What Chrysanthemums to Grow This Year?

It’s January, and my Kings Mums catalog became available online today. I plan to submit entries to three local chrysanthemum society exhibition shows this year, so I have some important decisions to make.

1. How Many Chrysanthemum Plants?
Mature chrysanthemum plants are grown in 10-inch pots; each pot contains one plant pruned to three stems. As I live in small, retirement center home with a limited amount of garden space, I plan to grow a total of 100 chrysanthemum plants. That should give me 300 blooms to enter in October and November show exhibitions.
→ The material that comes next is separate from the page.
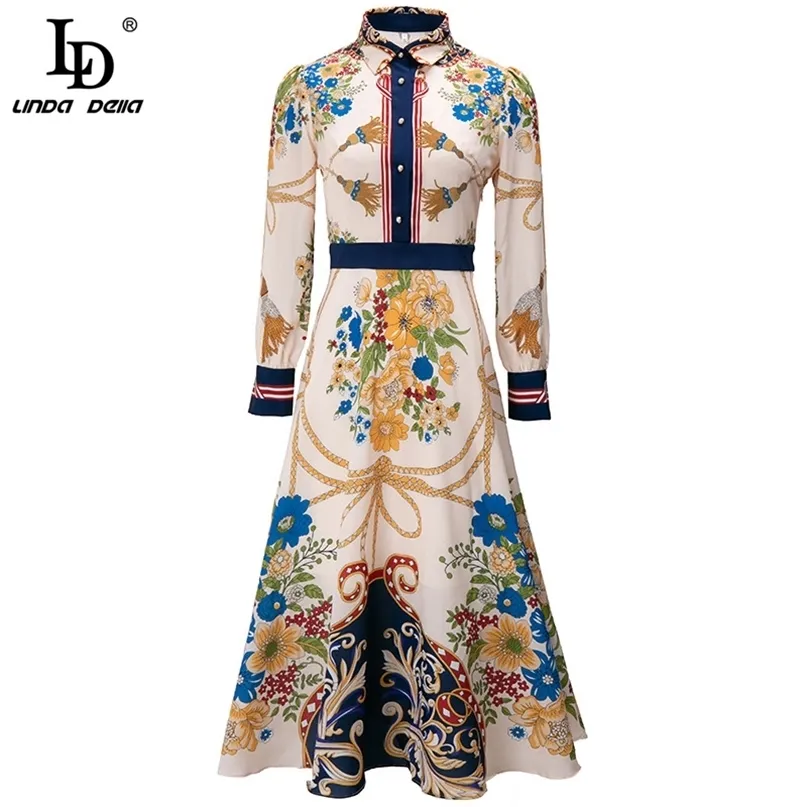 Sommar Fashion Runway Elegant Midi Dress Women's Tenn-down Collar Floral Print Vintage Party Vestidos 210522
2. What Class of Chrysanthemum?
King’s Mums catalog offers nearly 200 different chrysanthemum cultivars separated into 13 classes. In each class the blooms conform to the same specifications. For example, the class one Irregular Incurve has ray florets, usually smooth, broad, and fairly long, that incurve in an overall irregular manner to form a large bloom of 6 to 8 inches. Lower florets may swirl in an irregular pattern. Compare that to the class eleven Spider, whose ray florets are long and tubular, may be very fine to bold, and may assume a wide variety of directions; the disk may not be apparent; the size can range from 6 to 15 inches. I grow blooms in all thirteen classes.

3. What Sections?
The entry card required to enter a chrysanthemum bloom in a show exhibition needs a section number, as the blooms are placed together according to section letters that range from A to R. Strategies for growing plants vary depending on the section in which they will be shown. Blooms may be displayed as 1, 3, or 5 cut blooms; 1, 3, or 5 terminal NCS sprays; in containers (pots) of disbudded blooms, sprays, not disbudded blooms; Fukusuke (short); cascades; trees; bushes; bonsai; cut garden cultivars. Novices exhibit in their own section. I choose the following sections to enter chrysanthemum blooms in this year.
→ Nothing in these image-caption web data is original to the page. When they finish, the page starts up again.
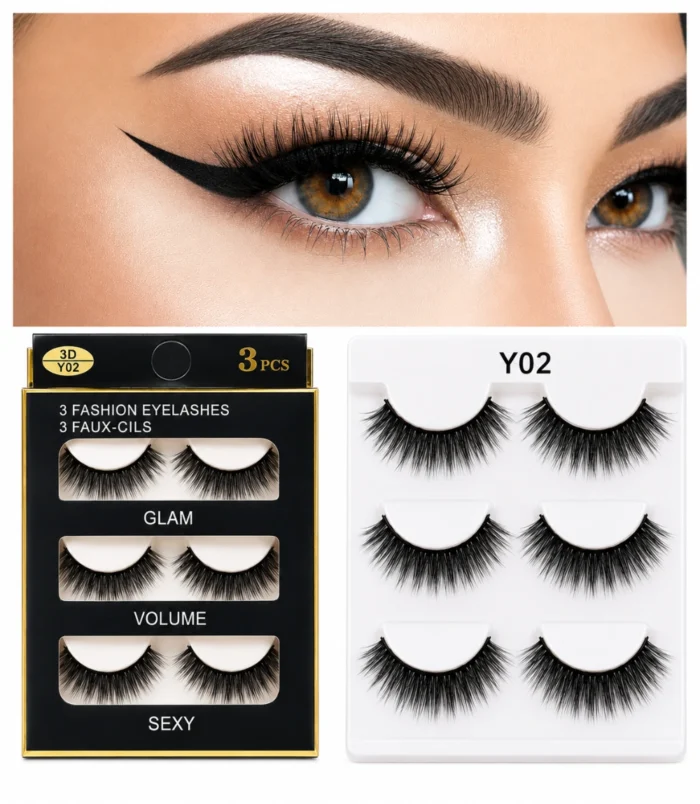 3D Faux Mink False Eyelashes – 3 Pairs, 3 Styles -4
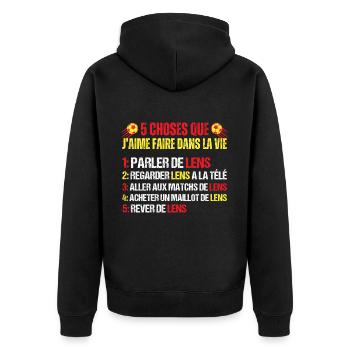 Lens supporter de football lensois humour foot - Veste à capuche bio Premium Unisexe - noir - Dos - Nico (187cm)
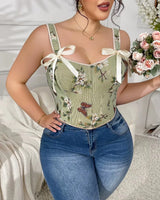 Floral Print Corset Top - Voldara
Section A. One Disbudded Bloom (Picture 1) Disbuds are grown one bloom to a stem. I plan to enter disbudded blooms from all 13 classes. This picture is an irregular incurve named “Kings’ Pleasure” It won the best of irregular incurve section last year.
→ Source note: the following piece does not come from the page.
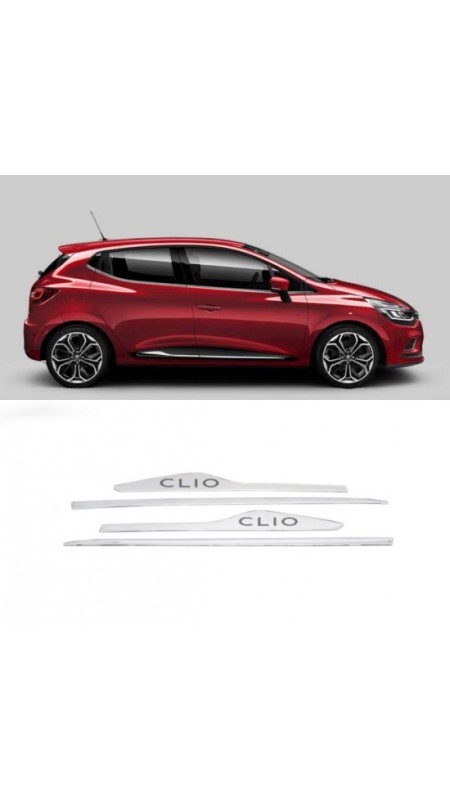 Renault Clio 4 Hb Krom Yan Kapı Çıtası Yazılı 2012-2019 Model Aralığı Uyumlu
Section B. Three Disbudded Blooms (Picture 2) Disbudded blooms may also be shown in sets of three either as cut blooms or as three blooms in one container. The exhibition rules state that the three blooms should be the same size. I won’t know how many set of three I will enter until my blooms are mature. This blue ribbon set-of-three is of the spider “Senko Kenshin.”

Section C. One Terminal NCS Spray (Picture 3) An NCS terminal spray must contain at least five blooms on the last flowering growth of a stem. The blooms should be uniform in color, form, size, and substance. The lead, or terminal bloom must be present, and be as high or higher than all the other blooms in the spray. Only one bloom per pedicel may be retained.

Section D. Three Terminal NCS Sprays (Picture 4) Sprays may also be entered in sets of three. The difficult part is finding three sprays of the same maturity and bloom size. The picture shows my “Kelvin Mandarin” class six Pompon entry.

Section L. Group P-3: 1 bloom, Fukusuke (Picture 5) A special type of container entry is a Fukusuke. The container can be no more the six inches in diameter and the height can be no more than 16 inches to the top of the stem. Any disbudded chrysanthemum cultivar may be grown as a Fukusuke.